> [TASK TO COMPLETE] Return the full set of entries exactly. Omit none.

> [SOURCE MATERIAL]
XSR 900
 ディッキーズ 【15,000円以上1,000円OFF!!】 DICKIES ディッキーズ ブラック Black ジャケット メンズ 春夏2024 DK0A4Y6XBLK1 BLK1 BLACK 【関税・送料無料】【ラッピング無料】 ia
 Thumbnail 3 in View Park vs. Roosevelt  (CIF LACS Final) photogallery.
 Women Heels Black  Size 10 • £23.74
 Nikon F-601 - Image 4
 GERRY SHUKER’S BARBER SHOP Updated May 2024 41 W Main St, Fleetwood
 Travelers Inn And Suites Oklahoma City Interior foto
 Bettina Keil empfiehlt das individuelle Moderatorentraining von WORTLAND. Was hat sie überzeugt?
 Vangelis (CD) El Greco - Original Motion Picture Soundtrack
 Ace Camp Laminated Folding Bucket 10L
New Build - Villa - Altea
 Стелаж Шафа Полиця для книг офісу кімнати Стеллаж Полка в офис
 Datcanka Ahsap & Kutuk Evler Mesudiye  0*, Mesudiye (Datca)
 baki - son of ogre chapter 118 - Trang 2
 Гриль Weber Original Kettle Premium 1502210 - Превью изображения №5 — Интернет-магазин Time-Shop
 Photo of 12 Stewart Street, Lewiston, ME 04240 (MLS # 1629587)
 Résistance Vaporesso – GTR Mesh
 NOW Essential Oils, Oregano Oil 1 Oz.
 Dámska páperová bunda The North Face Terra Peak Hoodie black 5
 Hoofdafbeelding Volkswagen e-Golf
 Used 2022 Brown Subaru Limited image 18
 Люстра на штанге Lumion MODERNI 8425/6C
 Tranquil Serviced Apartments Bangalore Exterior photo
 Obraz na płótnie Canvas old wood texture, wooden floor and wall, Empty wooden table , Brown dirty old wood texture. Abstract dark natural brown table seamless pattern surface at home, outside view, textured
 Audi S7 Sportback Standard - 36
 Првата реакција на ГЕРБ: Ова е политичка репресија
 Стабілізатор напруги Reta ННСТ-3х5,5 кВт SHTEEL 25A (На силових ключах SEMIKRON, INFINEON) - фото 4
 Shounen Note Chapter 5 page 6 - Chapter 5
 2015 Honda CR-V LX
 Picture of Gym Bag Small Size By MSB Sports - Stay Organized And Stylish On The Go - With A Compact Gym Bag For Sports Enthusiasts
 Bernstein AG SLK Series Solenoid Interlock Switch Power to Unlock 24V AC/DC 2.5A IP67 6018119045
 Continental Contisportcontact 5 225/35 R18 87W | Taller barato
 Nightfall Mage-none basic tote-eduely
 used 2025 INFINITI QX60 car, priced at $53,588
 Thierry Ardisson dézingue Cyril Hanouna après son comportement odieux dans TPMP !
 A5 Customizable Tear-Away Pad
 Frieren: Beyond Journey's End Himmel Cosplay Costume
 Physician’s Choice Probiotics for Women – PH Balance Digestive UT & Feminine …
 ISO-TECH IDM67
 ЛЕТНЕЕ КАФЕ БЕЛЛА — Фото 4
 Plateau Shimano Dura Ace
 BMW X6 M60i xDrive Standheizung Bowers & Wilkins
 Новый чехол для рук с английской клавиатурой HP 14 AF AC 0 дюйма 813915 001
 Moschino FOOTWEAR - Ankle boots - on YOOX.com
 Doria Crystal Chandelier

> [RESPONSE BOX]
XSR 900
 ディッキーズ 【15,000円以上1,000円OFF!!】 DICKIES ディッキーズ ブラック Black ジャケット メンズ 春夏2024 DK0A4Y6XBLK1 BLK1 BLACK 【関税・送料無料】【ラッピング無料】 ia
 Thumbnail 3 in View Park vs. Roosevelt  (CIF LACS Final) photogallery.
 Women Heels Black  Size 10 • £23.74
 Nikon F-601 - Image 4
 GERRY SHUKER’S BARBER SHOP Updated May 2024 41 W Main St, Fleetwood
 Travelers Inn And Suites Oklahoma City Interior foto
 Bettina Keil empfiehlt das individuelle Moderatorentraining von WORTLAND. Was hat sie überzeugt?
 Vangelis (CD) El Greco - Original Motion Picture Soundtrack
 Ace Camp Laminated Folding Bucket 10L
New Build - Villa - Altea
 Стелаж Шафа Полиця для книг офісу кімнати Стеллаж Полка в офис
 Datcanka Ahsap & Kutuk Evler Mesudiye  0*, Mesudiye (Datca)
 baki - son of ogre chapter 118 - Trang 2
 Гриль Weber Original Kettle Premium 1502210 - Превью изображения №5 — Интернет-магазин Time-Shop
 Photo of 12 Stewart Street, Lewiston, ME 04240 (MLS # 1629587)
 Résistance Vaporesso – GTR Mesh
 NOW Essential Oils, Oregano Oil 1 Oz.
 Dámska páperová bunda The North Face Terra Peak Hoodie black 5
 Hoofdafbeelding Volkswagen e-Golf
 Used 2022 Brown Subaru Limited image 18
 Люстра на штанге Lumion MODERNI 8425/6C
 Tranquil Serviced Apartments Bangalore Exterior photo
 Obraz na płótnie Canvas old wood texture, wooden floor and wall, Empty wooden table , Brown dirty old wood texture. Abstract dark natural brown table seamless pattern surface at home, outside view, textured
 Audi S7 Sportback Standard - 36
 Првата реакција на ГЕРБ: Ова е политичка репресија
 Стабілізатор напруги Reta ННСТ-3х5,5 кВт SHTEEL 25A (На силових ключах SEMIKRON, INFINEON) - фото 4
 Shounen Note Chapter 5 page 6 - Chapter 5
 2015 Honda CR-V LX
 Picture of Gym Bag Small Size By MSB Sports - Stay Organized And Stylish On The Go - With A Compact Gym Bag For Sports Enthusiasts
 Bernstein AG SLK Series Solenoid Interlock Switch Power to Unlock 24V AC/DC 2.5A IP67 6018119045
 Continental Contisportcontact 5 225/35 R18 87W | Taller barato
 Nightfall Mage-none basic tote-eduely
 used 2025 INFINITI QX60 car, priced at $53,588
 Thierry Ardisson dézingue Cyril Hanouna après son comportement odieux dans TPMP !
 A5 Customizable Tear-Away Pad
 Frieren: Beyond Journey's End Himmel Cosplay Costume
 Physician’s Choice Probiotics for Women – PH Balance Digestive UT & Feminine …
 ISO-TECH IDM67
 ЛЕТНЕЕ КАФЕ БЕЛЛА — Фото 4
 Plateau Shimano Dura Ace
 BMW X6 M60i xDrive Standheizung Bowers & Wilkins
 Новый чехол для рук с английской клавиатурой HP 14 AF AC 0 дюйма 813915 001
 Moschino FOOTWEAR - Ankle boots - on YOOX.com
 Doria Crystal Chandelier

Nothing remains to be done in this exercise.